▶ [What is required]: Output, exactly as written, the lines below starting at the line containing "کیبورد گیمینگ ریزر" and ending at the line containing "image for item". Drop the pictures and keep both end lines.

▶ [The data]:
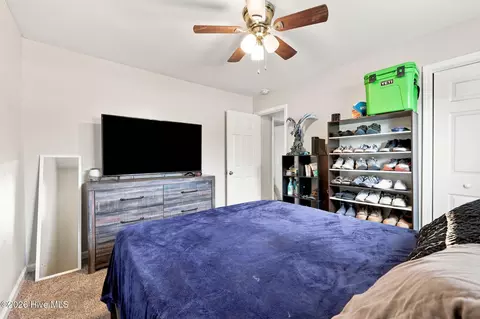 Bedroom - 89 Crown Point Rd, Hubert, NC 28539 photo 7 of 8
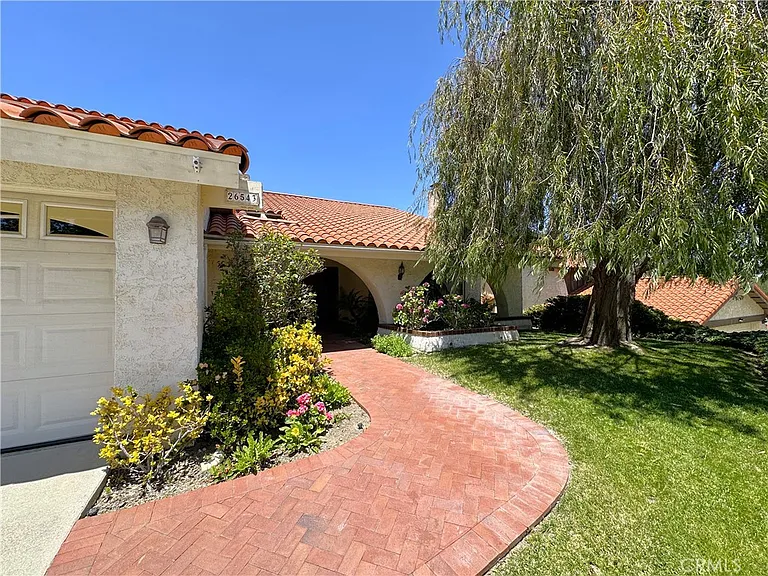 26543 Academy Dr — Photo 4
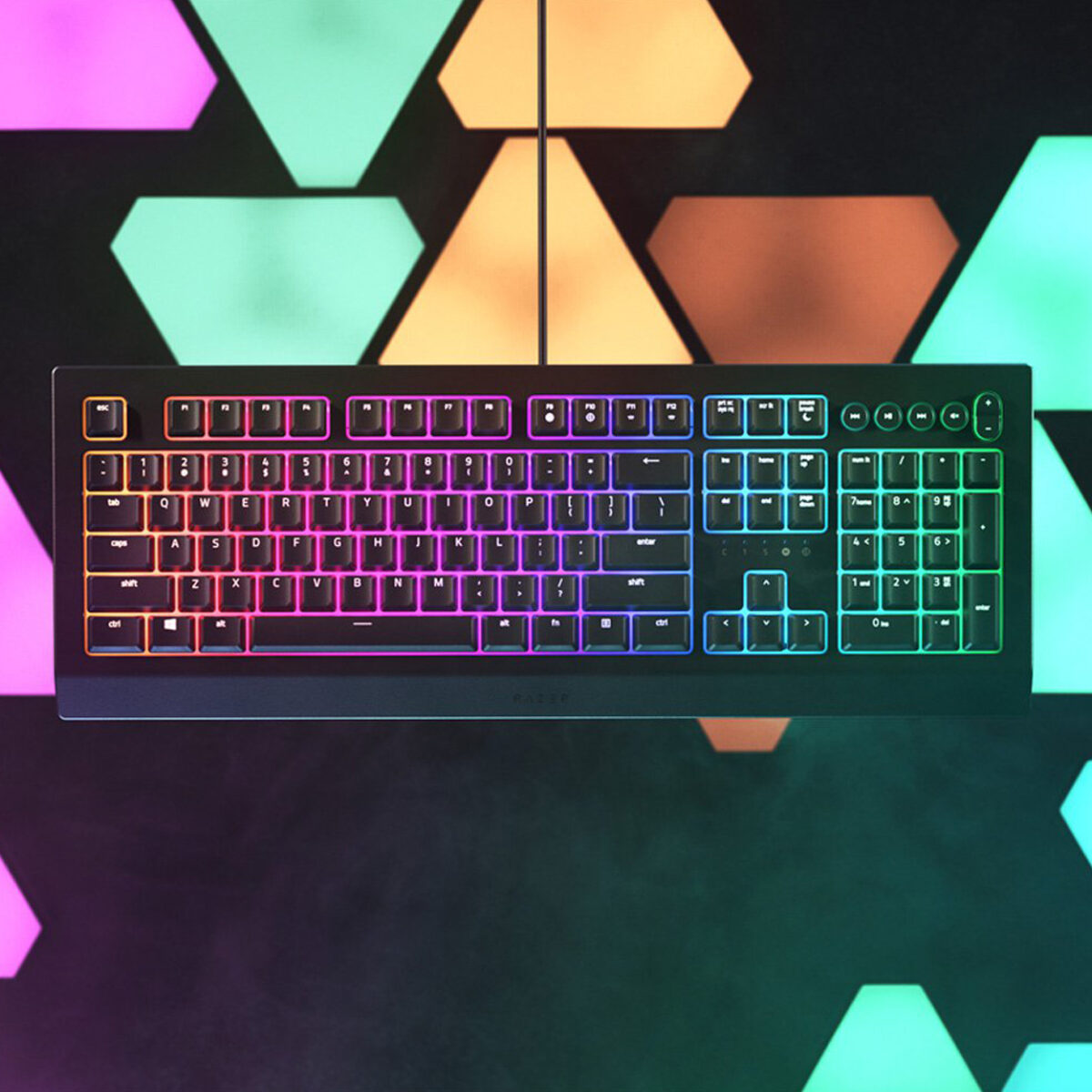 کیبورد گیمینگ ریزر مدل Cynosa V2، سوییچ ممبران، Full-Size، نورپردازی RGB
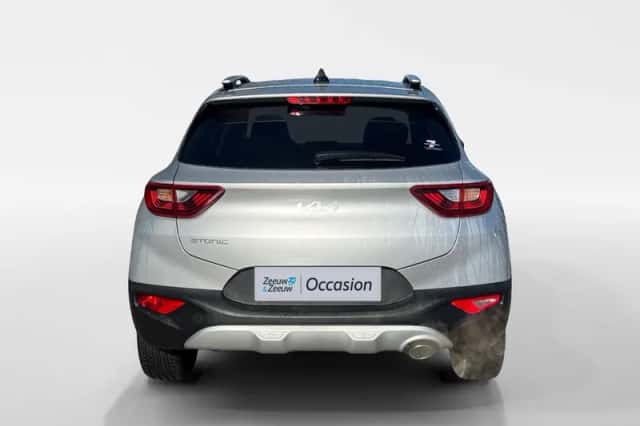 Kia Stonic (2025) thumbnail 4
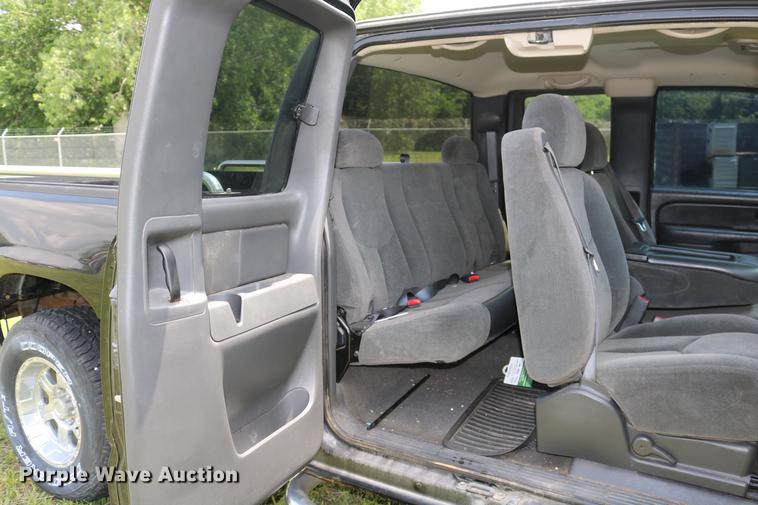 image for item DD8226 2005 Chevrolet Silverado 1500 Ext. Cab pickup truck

--

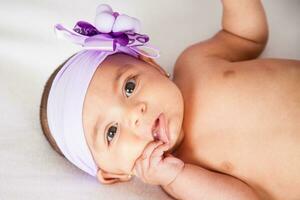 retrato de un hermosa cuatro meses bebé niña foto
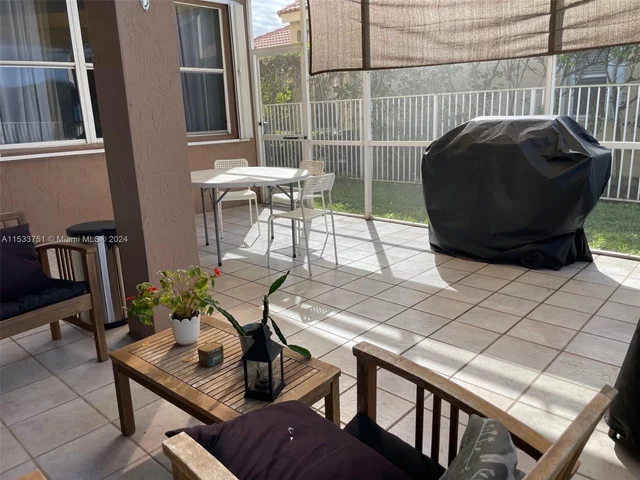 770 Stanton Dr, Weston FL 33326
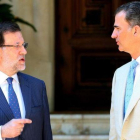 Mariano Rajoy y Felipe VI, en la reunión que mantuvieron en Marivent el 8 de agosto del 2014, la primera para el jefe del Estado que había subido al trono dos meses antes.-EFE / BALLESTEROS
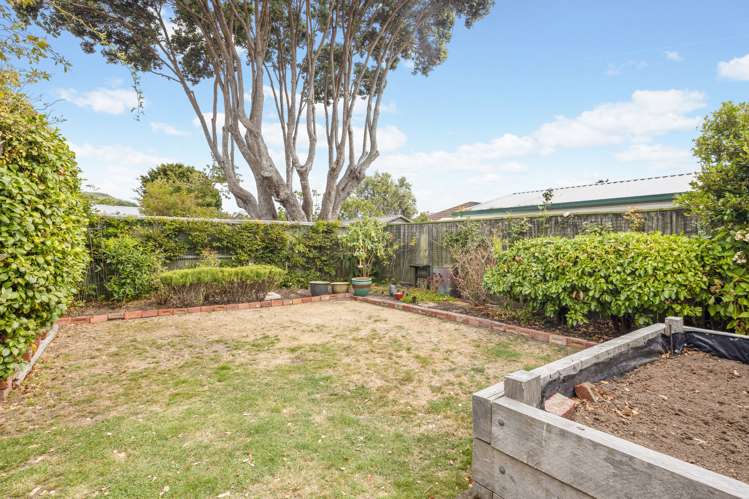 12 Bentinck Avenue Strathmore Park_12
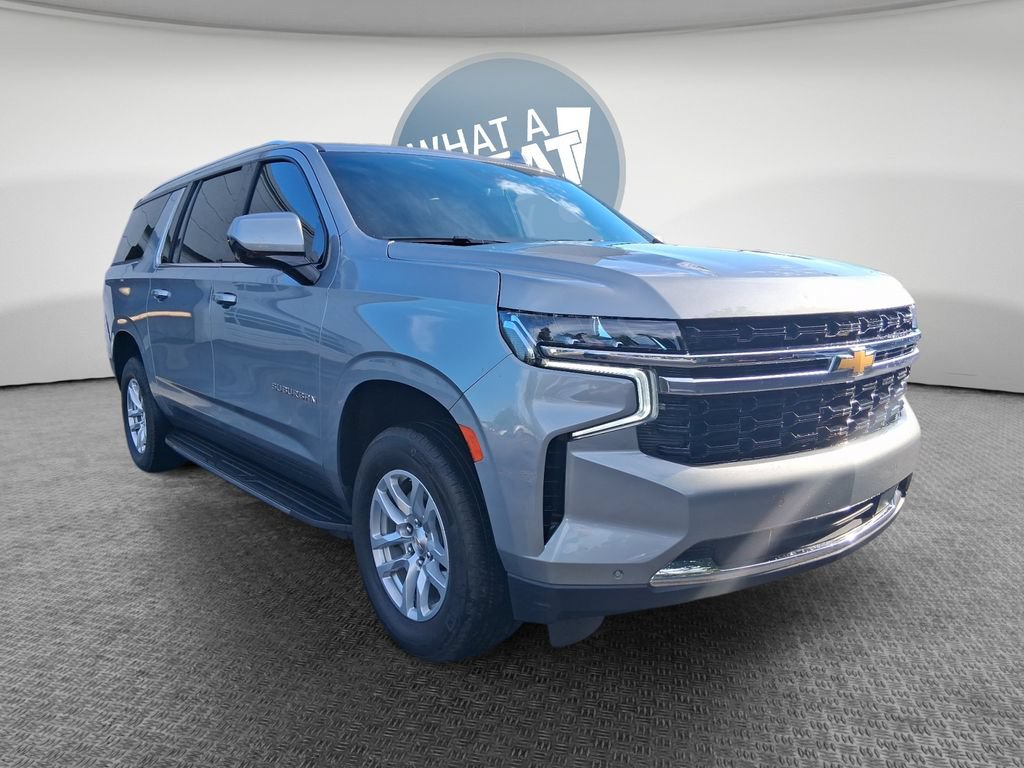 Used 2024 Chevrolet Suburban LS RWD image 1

▶ [Response to the exercise]:
 کیبورد گیمینگ ریزر مدل Cynosa V2، سوییچ ممبران، Full-Size، نورپردازی RGB
 Kia Stonic (2025) thumbnail 4
 image for item DD8226 2005 Chevrolet Silverado 1500 Ext. Cab pickup truck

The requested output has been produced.